Saturday, November 21, 2015

Book Review—The Design of Everyday Things by Don Norman

The Design of Everyday Things by Don Norman was my first foray into studying industrial design, rather than the mechanical design techniques I am accustomed to. The number of complimentary concepts and issues definitely makes this book useful for engineers. It was updated with modern examples in 2013 after 25 years of success, and incorporates topics from many of the author's separate books and articles.

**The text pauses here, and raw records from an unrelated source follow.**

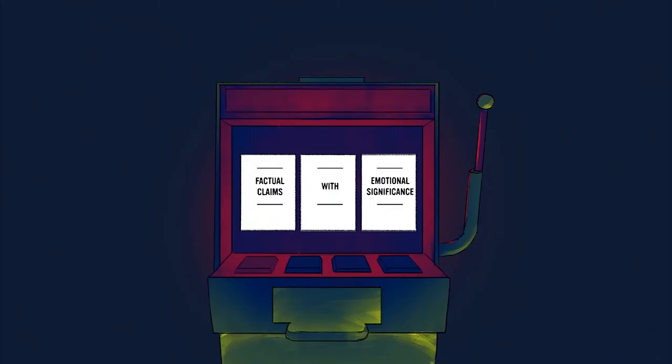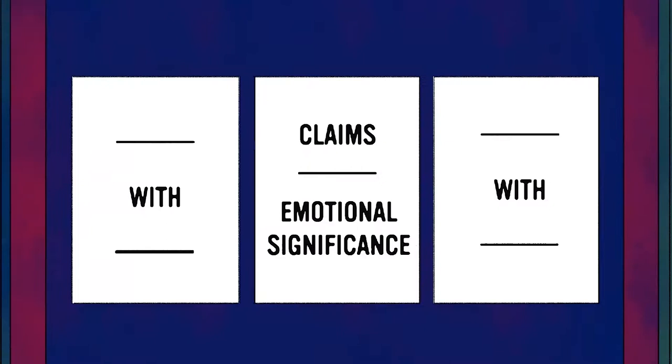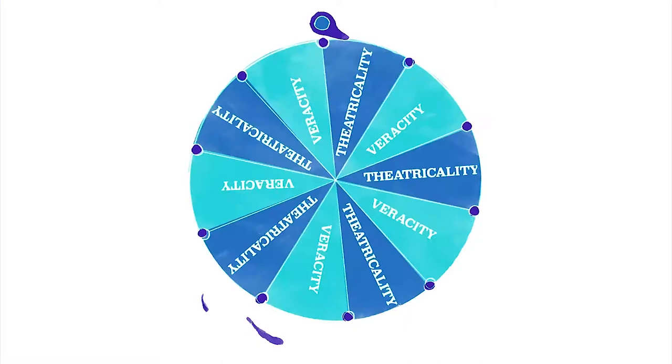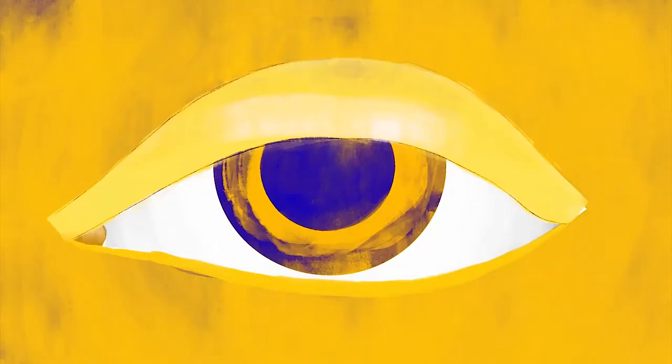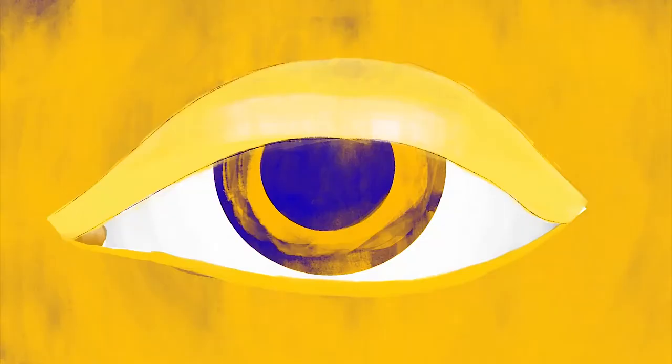Politicians, for example, really do need to align factual claims with emotional significance. Obviously they shouldn't sacrifice veracity to theatricality. That would be a disaster.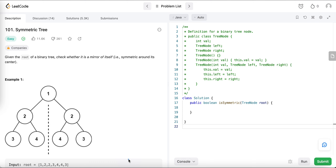Hi everyone, in today's video we are going to solve a problem related to the tree data structure — the symmetric tree problem. I am going to explain both iterative and recursive approaches. First we will understand the problem statement, then discuss multiple approaches, and finally write the code.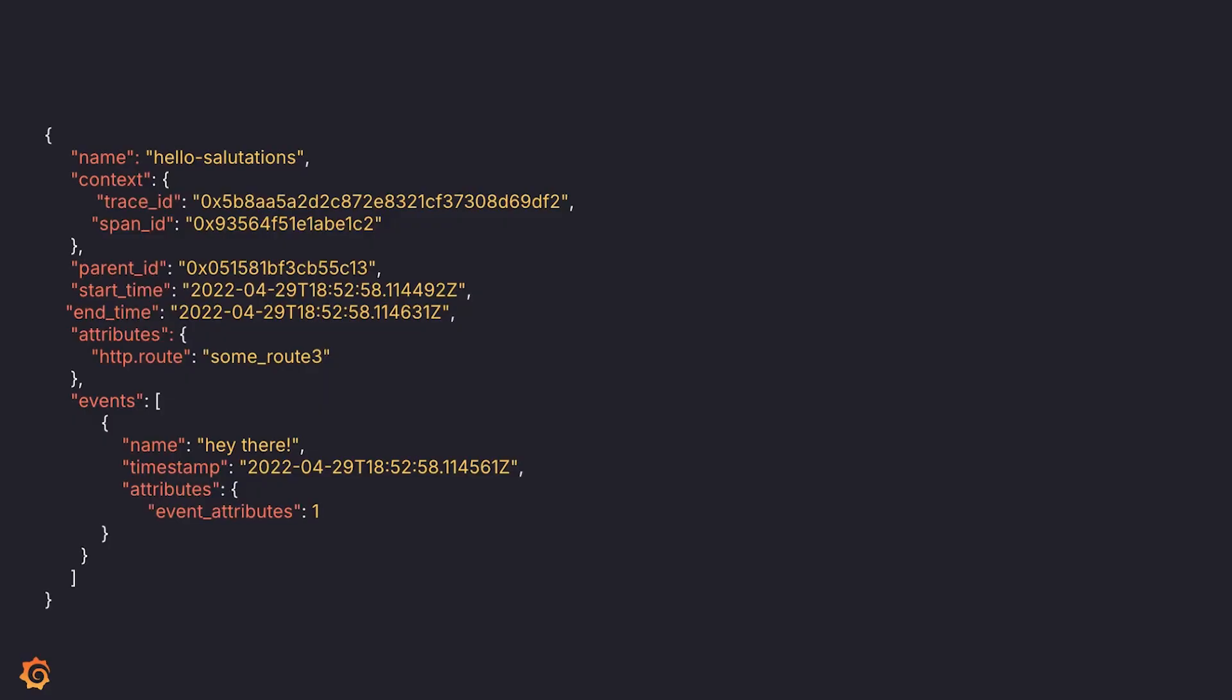Hey everyone, this is Jenny Pham from the Grafana Tempo team. Today we're going to talk about span events and how to query for them using TraceQL.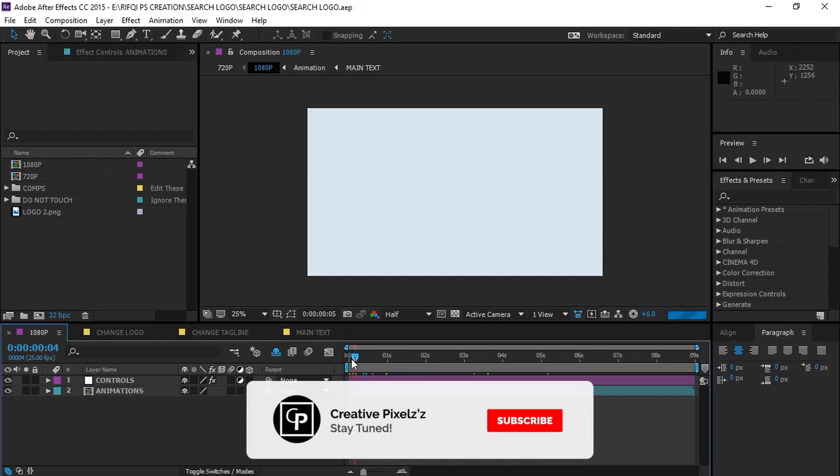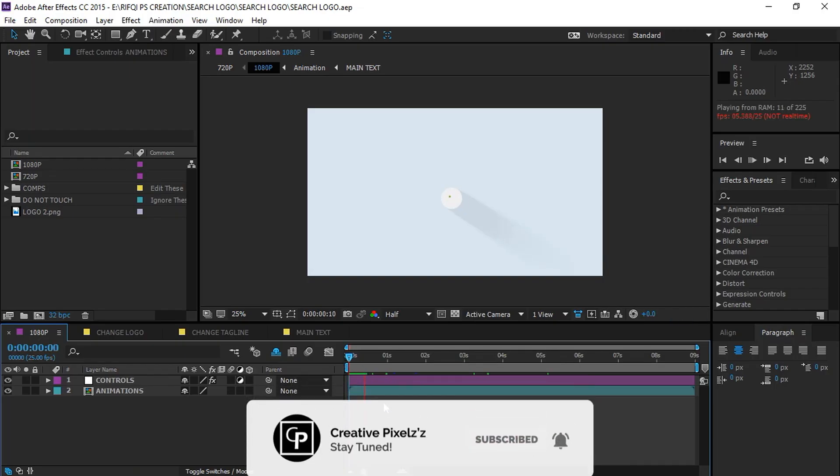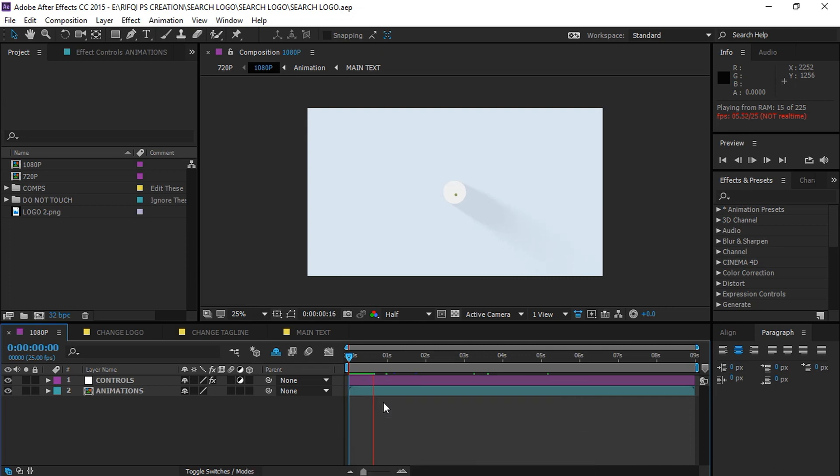Hi guys, welcome back to our channel Creative Pixels. Today I'm going to give you an amazing logo animation template.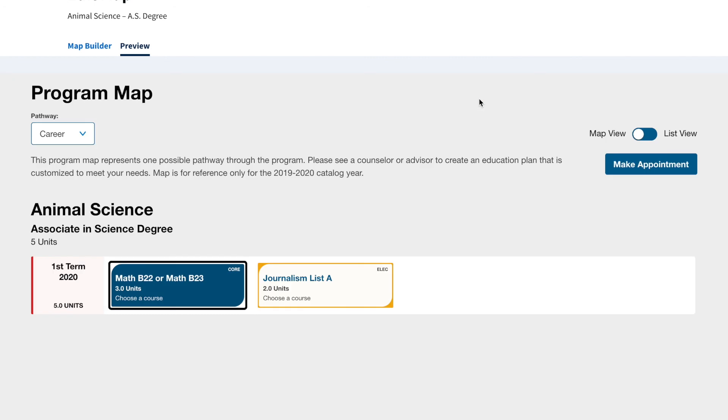That concludes this Program Pathways Mapper tutorial. Thank you for watching this Authoring Tools training video. If you have any further questions, please watch our other training videos or feel free to contact us.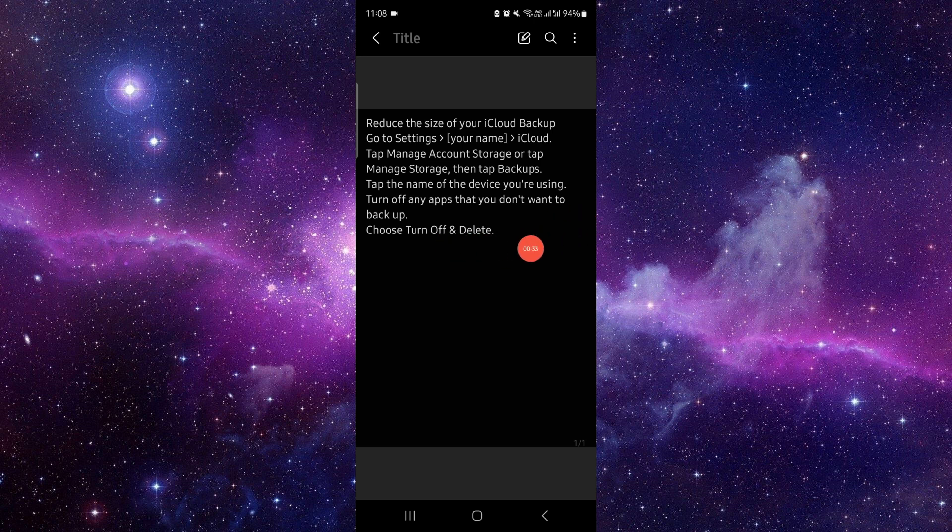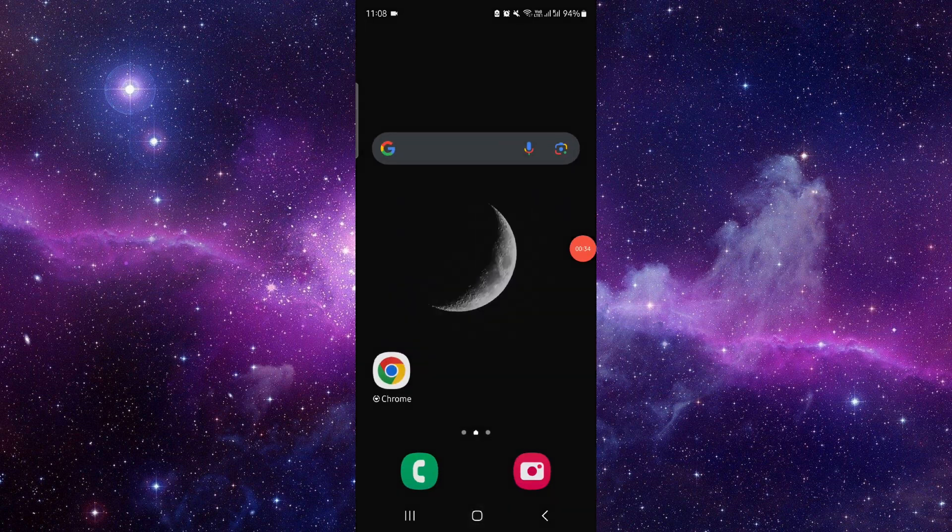Then you can turn it off and delete it, and done. So this is how to reduce the backup size on iCloud.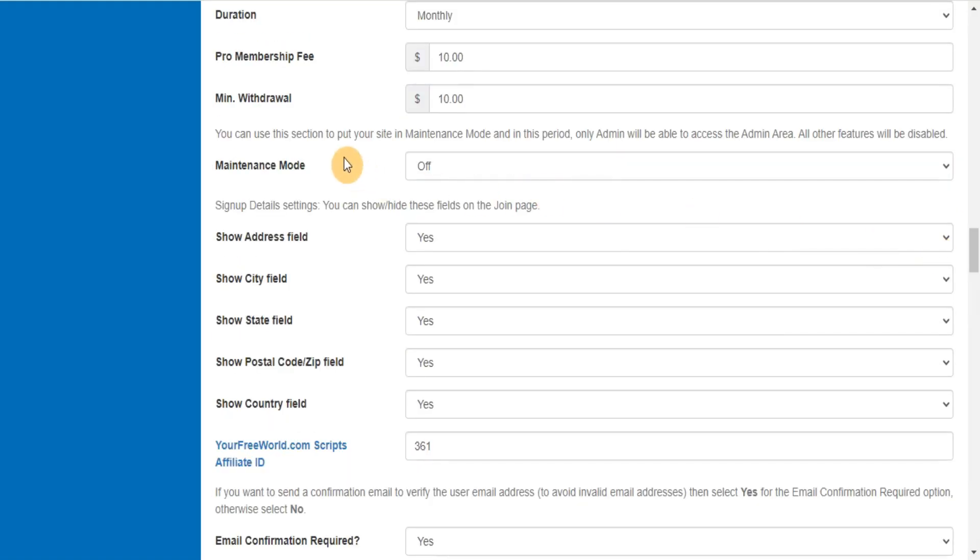You can use this section to put your site in maintenance mode and in this period, only admin will be able to access the admin area. All other features will be disabled.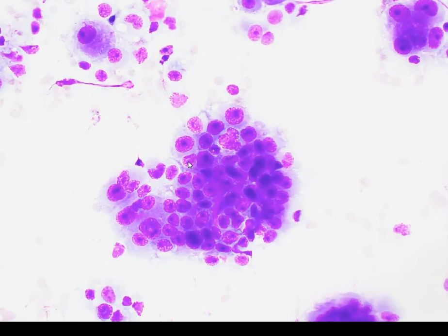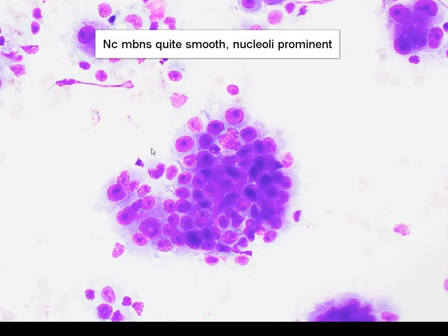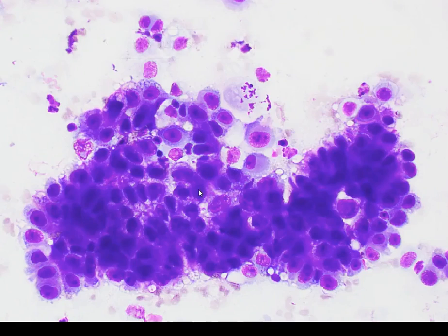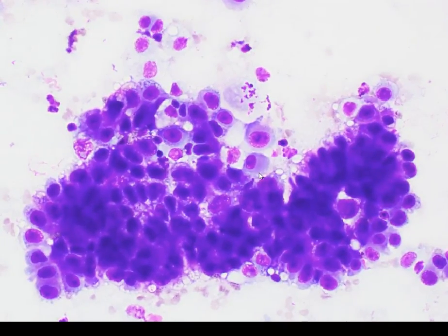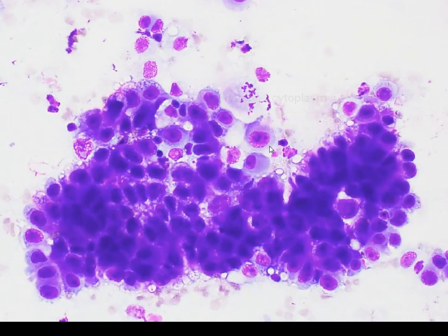In this high-power view, we can appreciate that the nuclei are fairly central, meaning that they are not really abutting the edge of the cell. We can see quite rounded, relatively smooth nuclear membranes with very prominent nucleoli. The cytoplasm is quite delicate in some areas, and in other areas it appears a little bit more dense. Here for example in this cell, we can appreciate that there is a bit of a two-tone cytoplasm.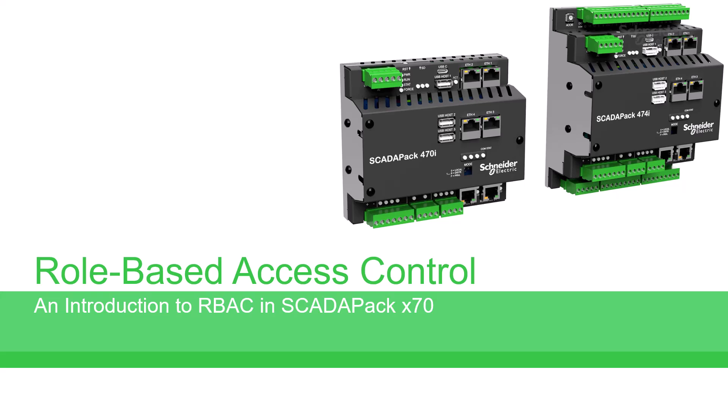To learn more about the SCADAPack, access the user documentation on the Schneider Electric Exchange Shop and Schneider Electric website. Also, see our videos on YouTube.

Book cover of The Design of Everyday Things


What I thought were the core concepts:
  1. Human-centered design: the principle of putting human needs, abilities, and psychology first, letting the design and technology follow to accommodate those realities. "It is the duty of machines and those who design them to understand people. It is not our duty to understand the arbitrary, meaningless dictates of the machines."
  2. Discoverability: a critical aspect of design, which is the ability for the user to figure out how to use a device and what the possible actions are. It consists of five main components:
    • Affordances—The relationship between an object and the specific user's ability to use that object. For example, the flat surface of a bench affords sitting (this happens to be a visible affordance) but the weight (invisible) of the bench affords carrying only to those strong enough to do so. An affordance is not a specific property of an object indicating usage; that would be a signifier.
    • Signifiers—The characteristics of an object that signal to the user where or how actions should occur. "Affordances determine what actions are possible. Signifiers communicate where the action should take place. We need both."
    • Constraints—Interactions can be guided by taking advantage of physical, logical, semantic, and cultural limitations on what is possible or what makes sense.
    • Mappings—The relationship between controls and their outcomes. The easiest mappings are when the control is directly on the item to be controlled, the worst case is in situations like a row of light switches in an auditorium, where there is usually no way to figure out what switch controls what light before trial and error.
    • Feedback—A response to know the system is working on a command. For example, elevator buttons without lights get pushed repeatedly by people who had no idea if it has already been pushed or if their push was registered.
  3. The double-diamond design process model: starting with an idea of a need or problem, research expands the scope of possible needs until the needs are understood and the problem definition is converged upon. Then solutions are brainstormed and explored until again convergence comes in the form of a solution. This is an iterative process.
The double-diamond design process model
Principles of the double-diamond model of design. (Source, though it's not clear who made this originally. This concept was first introduced in 2005 by the British Design Council.)

Some more concepts I found interesting:
  1. Who is to blame? Usually bad design. People often blame themselves for not being able to use a device properly when really the root cause is a poorly-designed device. The problem can be so pervasive that even the designers blame themselves for mistakes when testing the products! "Humans err continually; it is an intrinsic part of our nature. System design should take this into account."
    • A story of investigating a failure at a nuclear power plant: "The operators were blamed for these failures: 'human error' was the immediate analysis. But the committee I was on discovered that the plant's control rooms were so poorly designed that error was inevitable: design was at fault, not the operators."
  2. Designers need to be sure to cover the usage cases where things go wrong rather than just when they go right. Seek to minimize errors and also their consequences.
  3. As more and more information goes digital rather than in notes and books in plain view on our desks, it can become invisible. This information is saved and available but it becomes a mental burden to remember that it is there and how to retrieve it. Getting back out the right information at the right time is a design challenge.
  4. Paradoxically, as more human checks are added to a system, it can introduce more error since people begin to assume that if an error hasn't been caught yet, there must not be any. A solution used by aircraft pilots is a team checklist—one person reads off the actions while the second performs them and the first person confirms.
From what I hear this is an essential book for those in the world of industrial design, and so those people should probably read it if they did not already in school. But for others like myself who were looking for an overview, the book is a little long. While I found all the topics interesting, for engineers like me the book could be trimmed by skipping chapters 2 (aspects of psychology which I found pretty tangential to the rest of the topics) and 7 (business topics that are all-too-familiar to engineers). Chapter 1, which introduces most of the concepts, and Chapter 6, "Design Thinking," are the most important chapters where the overall industrial design process is covered.